**Disclaimer**: This educational content, including any code examples, is provided for instructional purposes only. The author does not endorse or encourage the unauthorised or illegal scraping of websites.

While Python with releveant libraries can be used for web scraping, it's crucial to conduct scraping activities in compliance with applicable laws, the website's terms of service, and ethical considerations. Always review and respect the rules set by the website you are scraping to ensure legal and responsible data collection practices.

# Scraping reviews using Selenium

Here is another example of how Selenium can be used to interact with websites making use of Ajax (Asynchronous JavaScript):

## Selenium is a chrome automation framework

It will enable us to tell chrome:
* go to page bbc.co.uk/weather
* "click the work 'next'"
* scroll down

Selenium will basically open a simplified version of Chrome, for a few seconds, use it and close it afterwards. You might even see it flash on your screen quickly. Then we will use beautiful soup to understand the code.

## BeautifulSoup is an HTML parsing framework

It will enable us to:
* copy the html of the tags eg. div, table
* extract text from these tags

## Getting selenium (don't skip this!)-- You need to download the chromedrive by yourself.

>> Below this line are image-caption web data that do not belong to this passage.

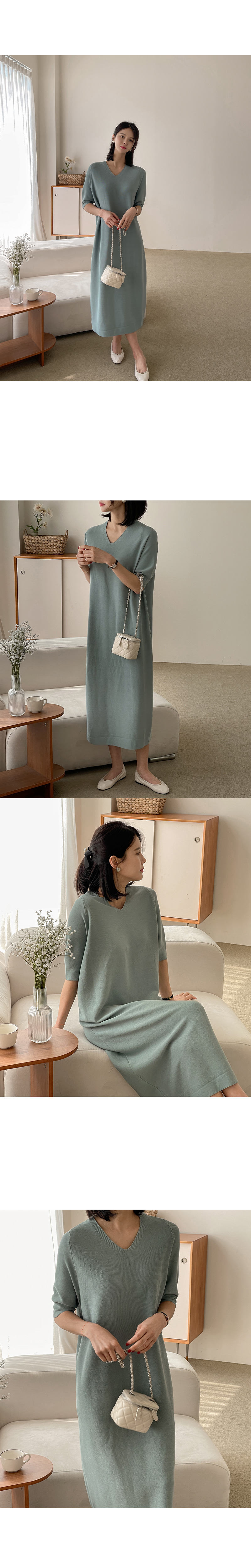 에브리 반팔 니트 롱 원피스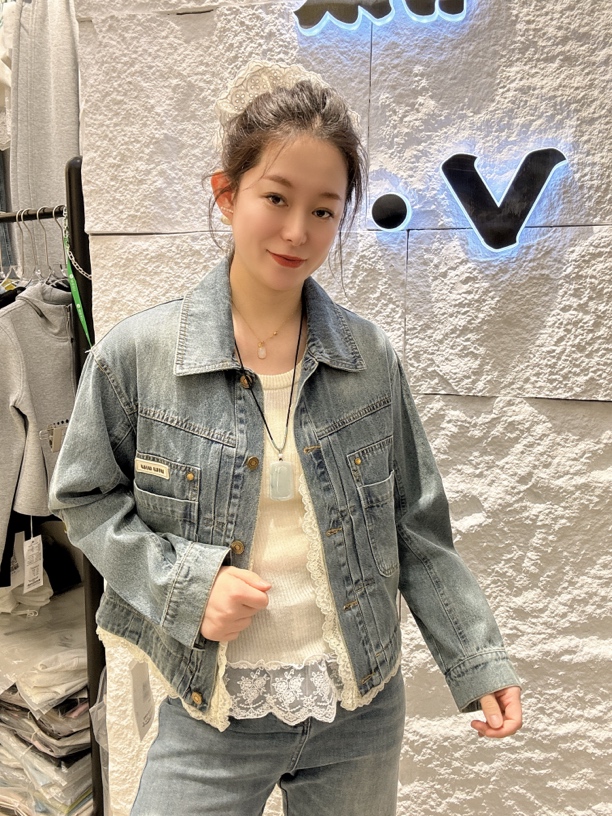 【微微】8802#牛仔服短外套前蕾丝边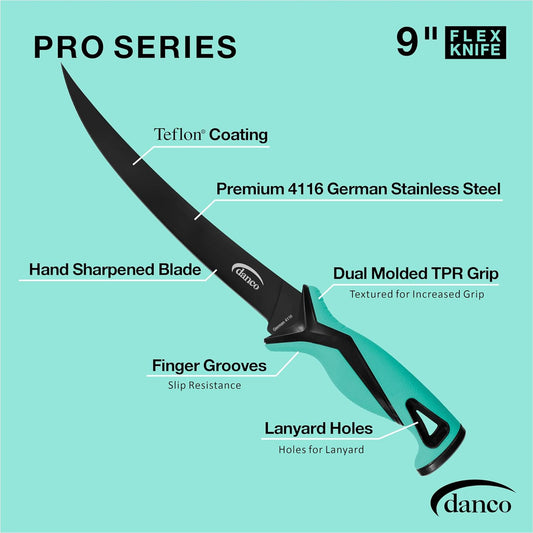danco Pro Series 9" Fillet Knife | Full Tang German G4116 Stainless-Steel Blades with Teflon Coating, Molded Nylon Sheath, Perfect for Saltwater Fishing & Hunting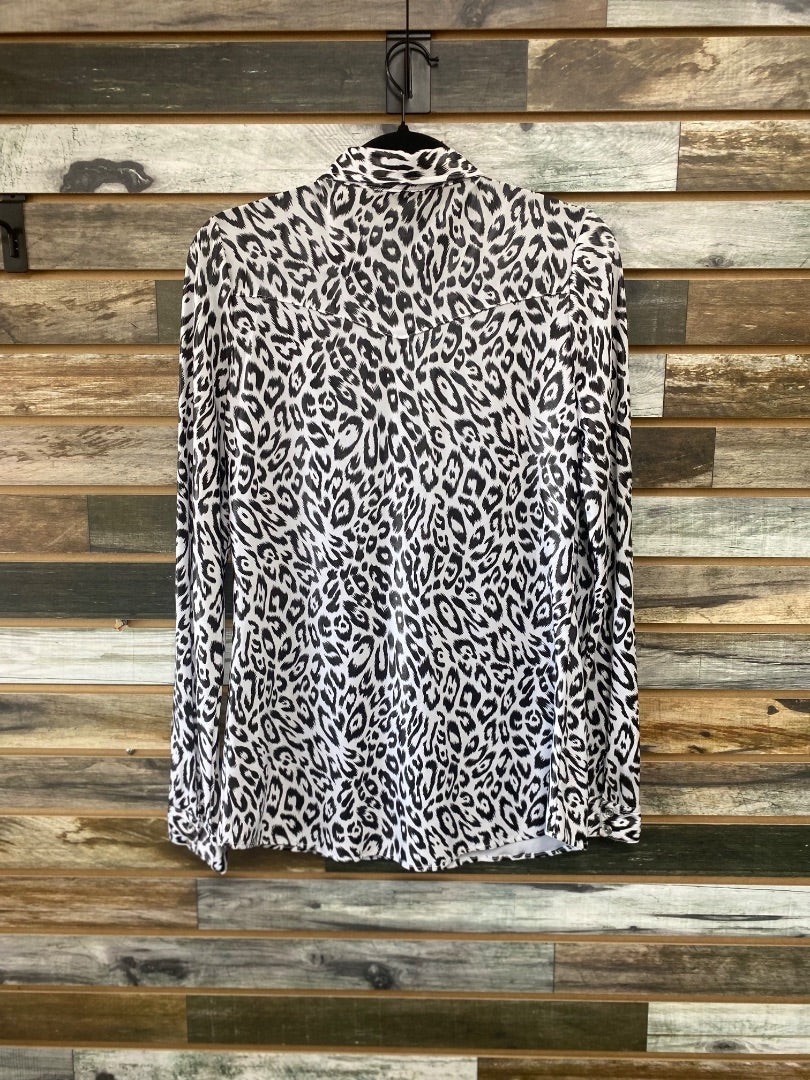 USED Roper Roper Rodeo Shirt, Snow Leopard Print Medium Black/White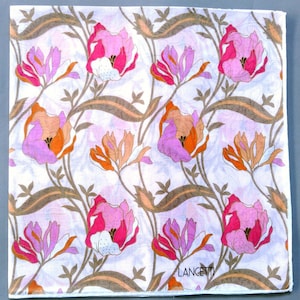 Lancetti Vintage Handkerchief  Early 2000s Floral Christmas Gift 21 x 21 inches Y2K I Free Shipping 35USD+ (Auto in Cart)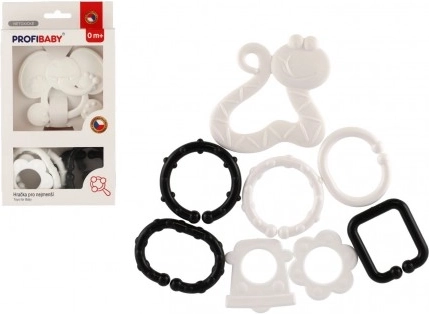 Beißring Tier mit Anhängern schwarzweiß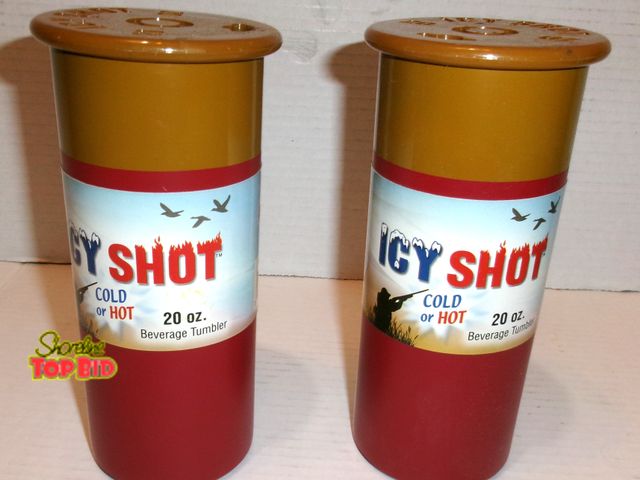 Lot 59-74567 - Too cool! 2 Icy Shot Shotgun Shell Hot or Cold 20oz Beverage Tumblers - makes Great Gifts. New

1. find out which version of chrome you have, in chrome open page: chrome://settings/help
2. Find your Chrome version (eg. 131.0.6778.265). However, the latest version of ChromeDriver is 114.0.5735.90.
**If you are using Chrome version 115 or newer, please consult the [Chrome for Testing availability dashboard](https://googlechromelabs.github.io/chrome-for-testing/). This page provides convenient JSON endpoints for specific ChromeDriver version downloading.**
If your verison is older than 114.0.5735.90, please find you version of ChromeDriver on https://chromedriver.storage.googleapis.com/index.html
3. Go into the folder for your version and download the zip file with the version for your operating system (most likely `chromedriver_mac64.zip` or `chromedriver_win32.zip` ).
4. unzip that file on yoru machine and put it (`chromedriver.exe` in windows, or `chromedrive` in MacOS) in the folder where this notebook is.

In [1]:
## If you have not installed selenium yet, please uncomment the following line
!pip install selenium

Defaulting to user installation because normal site-packages is not writeable
Collecting selenium
  Downloading selenium-4.27.1-py3-none-any.whl.metadata (7.1 kB)
Collecting trio~=0.17 (from selenium)
  Downloading trio-0.28.0-py3-none-any.whl.metadata (8.5 kB)
Collecting trio-websocket~=0.9 (from selenium)
  Downloading trio_websocket-0.11.1-py3-none-any.whl.metadata (4.7 kB)
Collecting sortedcontainers (from trio~=0.17->selenium)
  Downloading sortedcontainers-2.4.0-py2.py3-none-any.whl.metadata (10 kB)
Collecting outcome (from trio~=0.17->selenium)
  Downloading outcome-1.3.0.post0-py2.py3-none-any.whl.metadata (2.6 kB)
Collecting wsproto>=0.14 (from trio-websocket~=0.9->selenium)
  Downloading wsproto-1.2.0-py3-none-any.whl.metadata (5.6 kB)
Collecting PySocks!=1.5.7,<2.0,>=1.5.6 (from urllib3[socks]<3,>=1.26->selenium)
  Downloading PySocks-1.7.1-py3-none-any.whl.metadata (13 kB)
Downloading selenium-4.27.1-py3-none-any.whl (9.7 MB)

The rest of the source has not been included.